Returned in `edges[]`:

```json
{
  "source": 0,
  "target": 12,
  "predicate": "http://www.w3.org/2000/01/rdf-schema#subClassOf"
}
```

- `source`/`target`: dense node IDs (indexes into `nodes[]`)
- `predicate`: predicate IRI string

## Snapshot Query (`/api/graph`)

`/api/graph` currently uses a SPARQL query that returns only `rdfs:subClassOf` edges:

- selects bindings as `?s ?p ?o` (with `?p` bound to `rdfs:subClassOf`)
- excludes literal objects (`FILTER(!isLiteral(?o))`) for safety
- optionally excludes blank nodes (unless `INCLUDE_BNODES=true`)
- applies `LIMIT edge_limit`

The result bindings are mapped to dense node IDs (first-seen order) and returned to the caller.

`/api/graph` also returns `meta` with snapshot counts and engine info so the frontend doesn't need to call `/api/stats`.

If a cycle is detected in the returned `rdfs:subClassOf` snapshot, `/api/graph` returns HTTP 422 (layout requires a DAG).

## Pipelines

### `pipelines/graph_snapshot.py`

`fetch_graph_snapshot(...)` is the main "export graph" pipeline used by `/api/graph`.
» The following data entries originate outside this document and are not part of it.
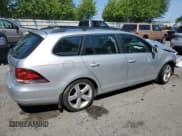 ✅ 2013 Volkswagen Jetta TDI w/Sunroof & Nav • VIN: 3VWPL7AJ6DM658346 • Lot: 58975065. Listed on Copart with 104,290 mi. Free auction sales archive from the USA and detailed vehicle history report at DreamBid. Image 3.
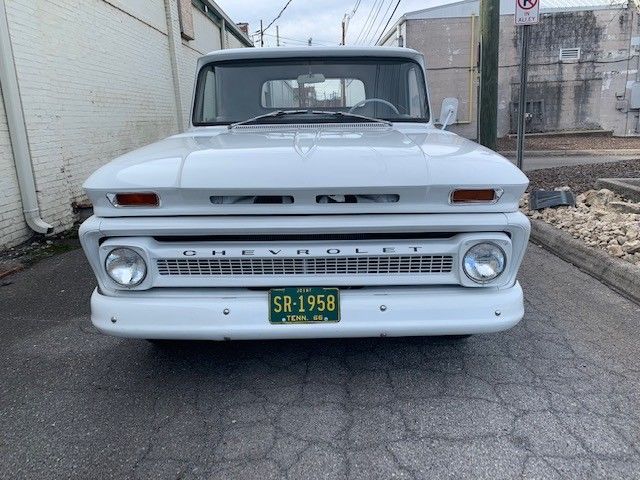 1966 Chevrolet C-10 Base - photo 2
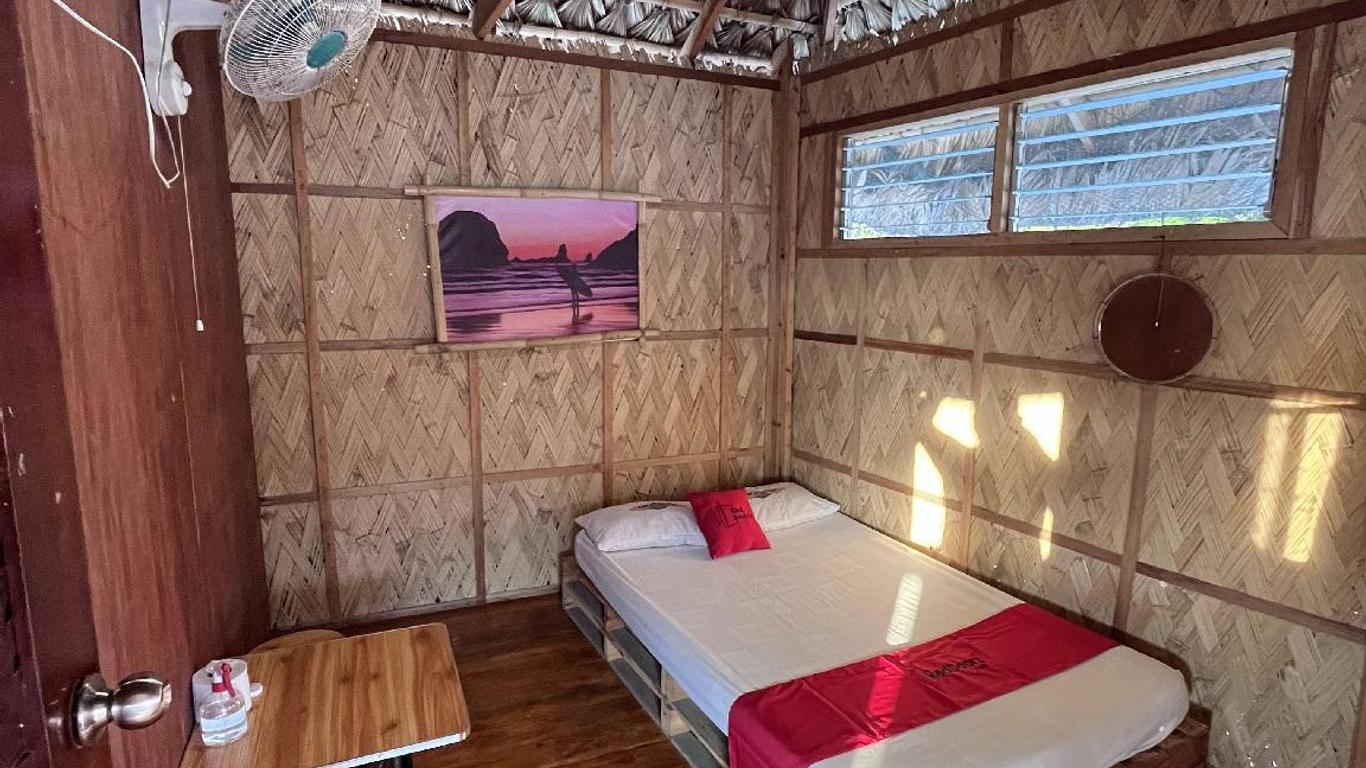 RedDoorz Hostel @ Monaliza Surf Resort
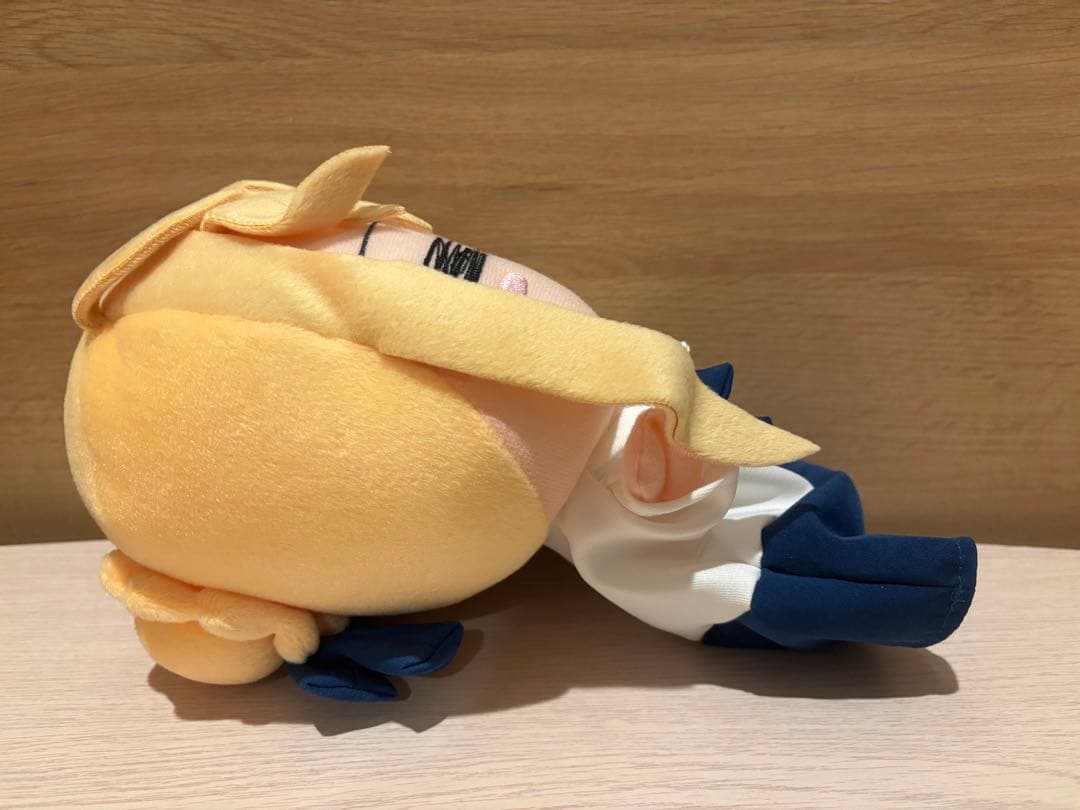 fate/stay night セイバー　ハンドパペット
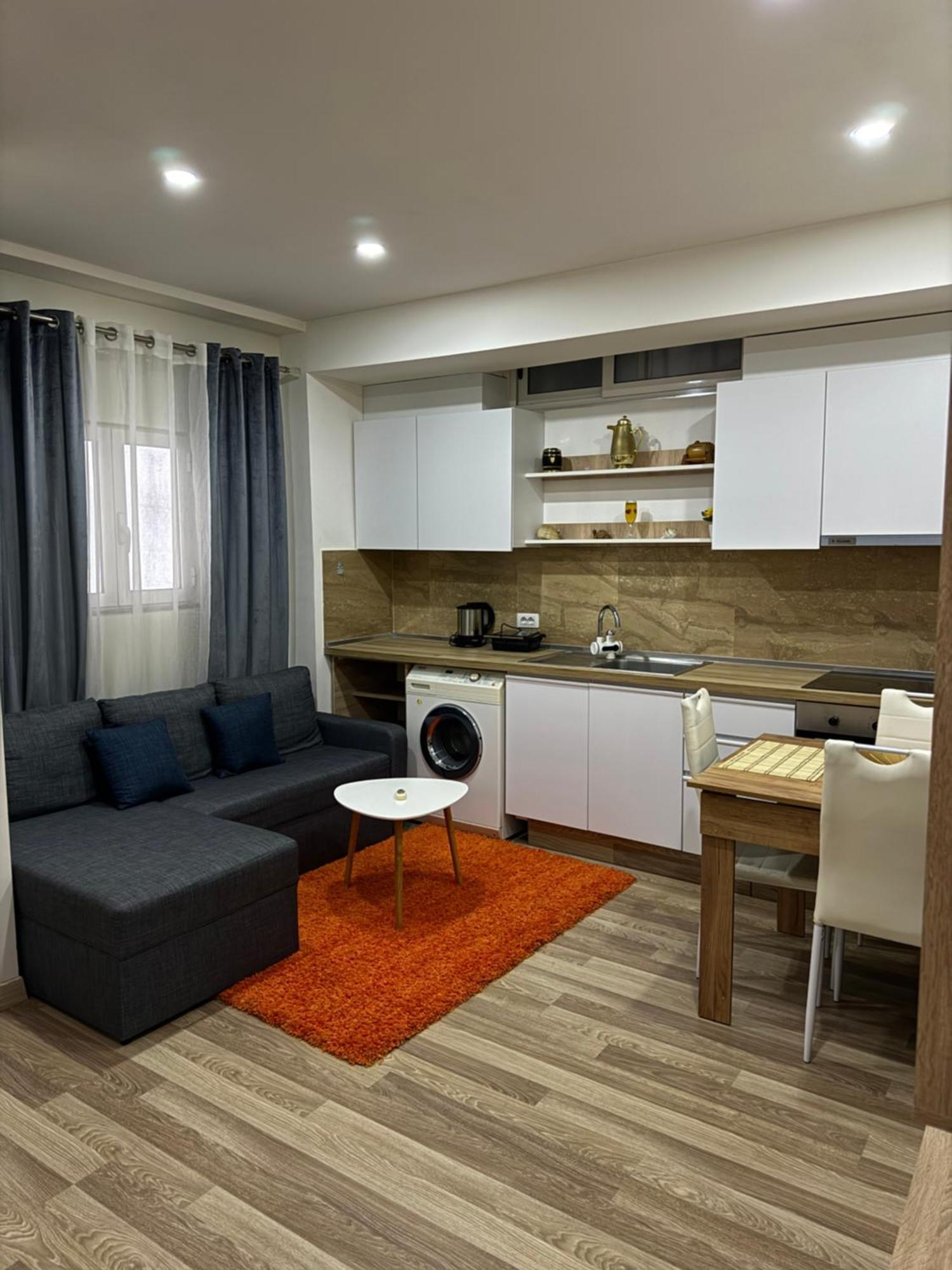 Amelia Comfort Stay Apartment Tiranë Luaran gambar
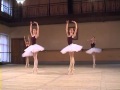 Alina Somova Elena Vostrotina 2003 Vaganova 8th Year Graduation Class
### `pipelines/subclass_labels.py`

`extract_subclass_entities_and_labels(...)`:

1. Queries all `rdfs:subClassOf` triples.
2. Builds a unique set of subjects+objects, then converts it to a deterministic list.
3. Queries `rdfs:label` for those entities and returns aligned lists:
   - `entities[i]` corresponds to `labels[i]`.

## Notes / Tradeoffs

- `/api/graph` returns only nodes that appear in the returned edge result set. Nodes not referenced by those edges will not be present.
- AnzoGraph SPARQL feature support (inference, extensions, performance) is vendor-specific.